• WHAT THE EXERCISE ASKS: Only those lines in the data below from the line containing "Obviously my objective" through the line containing "EvoSight updates SoundOp", both included, should be restated word for word.

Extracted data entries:
——————
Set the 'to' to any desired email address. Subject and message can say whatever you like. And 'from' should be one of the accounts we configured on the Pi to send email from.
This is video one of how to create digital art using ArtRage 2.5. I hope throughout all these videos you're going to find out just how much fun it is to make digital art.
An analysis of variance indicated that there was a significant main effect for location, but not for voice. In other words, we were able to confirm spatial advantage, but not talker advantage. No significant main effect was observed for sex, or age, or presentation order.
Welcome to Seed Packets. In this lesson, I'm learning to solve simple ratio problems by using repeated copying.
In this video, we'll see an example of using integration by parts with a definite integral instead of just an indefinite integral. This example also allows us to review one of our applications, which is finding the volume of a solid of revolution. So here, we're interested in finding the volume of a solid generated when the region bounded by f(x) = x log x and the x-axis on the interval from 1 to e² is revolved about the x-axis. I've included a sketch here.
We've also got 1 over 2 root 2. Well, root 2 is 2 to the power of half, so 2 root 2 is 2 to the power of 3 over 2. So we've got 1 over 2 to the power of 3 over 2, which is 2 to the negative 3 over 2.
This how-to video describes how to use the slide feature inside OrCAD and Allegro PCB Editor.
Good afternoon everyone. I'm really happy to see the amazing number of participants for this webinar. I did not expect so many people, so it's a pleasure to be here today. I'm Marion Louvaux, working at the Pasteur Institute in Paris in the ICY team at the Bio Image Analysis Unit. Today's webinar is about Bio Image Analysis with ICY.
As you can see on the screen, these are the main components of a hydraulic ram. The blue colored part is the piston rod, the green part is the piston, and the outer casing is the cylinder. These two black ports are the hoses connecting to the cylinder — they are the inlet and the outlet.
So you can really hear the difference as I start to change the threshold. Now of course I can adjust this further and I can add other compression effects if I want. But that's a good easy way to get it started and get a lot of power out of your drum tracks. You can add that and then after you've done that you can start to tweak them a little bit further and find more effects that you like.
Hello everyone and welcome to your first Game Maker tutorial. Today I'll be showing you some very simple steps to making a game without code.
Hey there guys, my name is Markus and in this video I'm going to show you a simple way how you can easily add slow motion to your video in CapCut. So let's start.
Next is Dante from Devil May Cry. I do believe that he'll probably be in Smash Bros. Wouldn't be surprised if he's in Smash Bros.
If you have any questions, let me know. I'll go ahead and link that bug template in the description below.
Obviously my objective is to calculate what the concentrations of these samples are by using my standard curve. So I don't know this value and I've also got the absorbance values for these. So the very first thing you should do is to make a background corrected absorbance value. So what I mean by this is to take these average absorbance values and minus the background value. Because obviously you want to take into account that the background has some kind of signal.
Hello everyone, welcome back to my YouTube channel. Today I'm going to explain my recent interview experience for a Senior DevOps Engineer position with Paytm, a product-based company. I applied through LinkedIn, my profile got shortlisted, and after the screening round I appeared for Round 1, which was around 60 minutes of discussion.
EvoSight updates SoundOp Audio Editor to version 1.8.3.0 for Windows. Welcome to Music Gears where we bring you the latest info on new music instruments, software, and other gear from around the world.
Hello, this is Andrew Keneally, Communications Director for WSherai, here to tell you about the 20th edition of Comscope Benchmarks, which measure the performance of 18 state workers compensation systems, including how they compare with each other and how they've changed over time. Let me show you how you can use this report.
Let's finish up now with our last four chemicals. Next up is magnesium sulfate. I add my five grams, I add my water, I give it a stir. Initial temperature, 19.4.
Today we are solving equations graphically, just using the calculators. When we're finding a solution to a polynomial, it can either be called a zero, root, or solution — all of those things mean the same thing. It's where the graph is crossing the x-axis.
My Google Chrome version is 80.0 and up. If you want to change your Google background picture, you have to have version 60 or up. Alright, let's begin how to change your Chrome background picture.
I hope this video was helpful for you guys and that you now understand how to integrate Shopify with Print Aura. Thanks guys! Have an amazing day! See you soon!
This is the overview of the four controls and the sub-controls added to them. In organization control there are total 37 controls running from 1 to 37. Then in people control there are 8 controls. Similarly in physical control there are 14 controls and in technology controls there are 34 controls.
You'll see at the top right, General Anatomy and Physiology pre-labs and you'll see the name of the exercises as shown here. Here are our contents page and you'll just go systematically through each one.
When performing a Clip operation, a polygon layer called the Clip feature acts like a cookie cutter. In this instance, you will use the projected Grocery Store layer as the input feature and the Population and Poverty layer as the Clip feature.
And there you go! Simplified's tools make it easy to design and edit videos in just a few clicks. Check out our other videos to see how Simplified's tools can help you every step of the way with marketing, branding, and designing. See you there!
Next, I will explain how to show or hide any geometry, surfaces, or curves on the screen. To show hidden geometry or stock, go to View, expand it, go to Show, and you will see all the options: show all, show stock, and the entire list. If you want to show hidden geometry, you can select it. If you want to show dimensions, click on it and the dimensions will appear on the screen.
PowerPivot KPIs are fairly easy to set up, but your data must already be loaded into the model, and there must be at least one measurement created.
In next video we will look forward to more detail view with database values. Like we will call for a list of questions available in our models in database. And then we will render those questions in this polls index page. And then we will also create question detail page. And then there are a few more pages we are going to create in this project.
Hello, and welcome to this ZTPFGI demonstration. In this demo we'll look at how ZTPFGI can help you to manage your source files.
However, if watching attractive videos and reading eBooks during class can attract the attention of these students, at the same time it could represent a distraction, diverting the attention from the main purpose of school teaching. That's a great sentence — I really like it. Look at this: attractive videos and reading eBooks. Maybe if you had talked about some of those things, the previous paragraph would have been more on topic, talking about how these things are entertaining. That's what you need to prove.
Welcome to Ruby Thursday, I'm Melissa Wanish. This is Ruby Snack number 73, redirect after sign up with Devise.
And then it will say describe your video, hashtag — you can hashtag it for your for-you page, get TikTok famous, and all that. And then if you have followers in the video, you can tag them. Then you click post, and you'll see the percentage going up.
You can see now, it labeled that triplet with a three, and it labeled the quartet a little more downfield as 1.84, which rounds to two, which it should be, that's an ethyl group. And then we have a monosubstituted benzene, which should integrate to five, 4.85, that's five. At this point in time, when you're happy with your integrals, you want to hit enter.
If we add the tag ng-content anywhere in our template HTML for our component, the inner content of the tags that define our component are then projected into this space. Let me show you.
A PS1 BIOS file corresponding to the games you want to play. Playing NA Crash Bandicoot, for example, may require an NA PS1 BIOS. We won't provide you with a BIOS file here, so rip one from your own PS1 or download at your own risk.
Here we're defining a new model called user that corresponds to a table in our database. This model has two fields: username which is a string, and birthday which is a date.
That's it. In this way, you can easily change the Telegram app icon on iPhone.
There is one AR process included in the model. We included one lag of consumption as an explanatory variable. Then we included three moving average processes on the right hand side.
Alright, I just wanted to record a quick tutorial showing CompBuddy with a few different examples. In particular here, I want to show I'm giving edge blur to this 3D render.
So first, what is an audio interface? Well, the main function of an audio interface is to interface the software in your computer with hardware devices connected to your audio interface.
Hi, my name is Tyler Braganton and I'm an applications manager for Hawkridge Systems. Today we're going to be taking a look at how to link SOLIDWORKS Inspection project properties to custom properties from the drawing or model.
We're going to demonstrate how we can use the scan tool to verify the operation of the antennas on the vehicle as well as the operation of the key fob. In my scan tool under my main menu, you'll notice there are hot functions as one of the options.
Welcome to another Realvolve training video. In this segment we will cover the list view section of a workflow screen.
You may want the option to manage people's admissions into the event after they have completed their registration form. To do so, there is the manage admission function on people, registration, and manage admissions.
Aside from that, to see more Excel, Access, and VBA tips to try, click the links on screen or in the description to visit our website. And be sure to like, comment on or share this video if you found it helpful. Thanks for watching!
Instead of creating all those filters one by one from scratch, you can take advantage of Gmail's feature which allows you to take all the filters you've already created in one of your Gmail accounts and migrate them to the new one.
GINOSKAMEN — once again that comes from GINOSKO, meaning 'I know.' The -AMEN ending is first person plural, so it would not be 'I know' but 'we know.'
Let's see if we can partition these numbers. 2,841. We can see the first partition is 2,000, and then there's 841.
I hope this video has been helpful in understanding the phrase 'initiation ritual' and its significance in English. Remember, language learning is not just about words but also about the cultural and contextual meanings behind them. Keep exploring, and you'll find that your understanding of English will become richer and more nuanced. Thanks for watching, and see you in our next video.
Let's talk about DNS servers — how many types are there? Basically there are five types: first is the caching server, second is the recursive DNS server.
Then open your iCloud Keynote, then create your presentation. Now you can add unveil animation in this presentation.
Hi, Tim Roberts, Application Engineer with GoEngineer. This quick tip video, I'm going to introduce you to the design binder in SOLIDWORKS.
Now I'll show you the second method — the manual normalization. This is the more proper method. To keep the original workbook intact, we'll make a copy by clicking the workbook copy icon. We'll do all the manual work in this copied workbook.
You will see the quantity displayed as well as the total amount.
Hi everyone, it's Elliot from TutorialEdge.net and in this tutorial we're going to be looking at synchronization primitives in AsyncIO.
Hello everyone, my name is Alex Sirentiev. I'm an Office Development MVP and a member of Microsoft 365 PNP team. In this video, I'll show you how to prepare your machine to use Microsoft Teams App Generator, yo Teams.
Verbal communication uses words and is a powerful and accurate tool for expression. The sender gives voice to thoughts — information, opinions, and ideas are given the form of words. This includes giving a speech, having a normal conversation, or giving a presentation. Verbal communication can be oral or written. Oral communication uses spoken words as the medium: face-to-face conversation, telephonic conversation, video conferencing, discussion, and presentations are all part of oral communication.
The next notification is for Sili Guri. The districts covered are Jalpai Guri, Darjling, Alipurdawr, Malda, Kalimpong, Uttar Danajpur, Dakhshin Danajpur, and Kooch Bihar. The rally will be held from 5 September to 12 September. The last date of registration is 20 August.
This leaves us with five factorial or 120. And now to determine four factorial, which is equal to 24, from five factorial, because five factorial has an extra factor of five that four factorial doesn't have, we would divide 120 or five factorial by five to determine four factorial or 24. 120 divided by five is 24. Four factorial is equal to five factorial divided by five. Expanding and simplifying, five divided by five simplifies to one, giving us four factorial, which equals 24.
——————
• COMPLETED TASK:
Obviously my objective is to calculate what the concentrations of these samples are by using my standard curve. So I don't know this value and I've also got the absorbance values for these. So the very first thing you should do is to make a background corrected absorbance value. So what I mean by this is to take these average absorbance values and minus the background value. Because obviously you want to take into account that the background has some kind of signal.
Hello everyone, welcome back to my YouTube channel. Today I'm going to explain my recent interview experience for a Senior DevOps Engineer position with Paytm, a product-based company. I applied through LinkedIn, my profile got shortlisted, and after the screening round I appeared for Round 1, which was around 60 minutes of discussion.
EvoSight updates SoundOp Audio Editor to version 1.8.3.0 for Windows. Welcome to Music Gears where we bring you the latest info on new music instruments, software, and other gear from around the world.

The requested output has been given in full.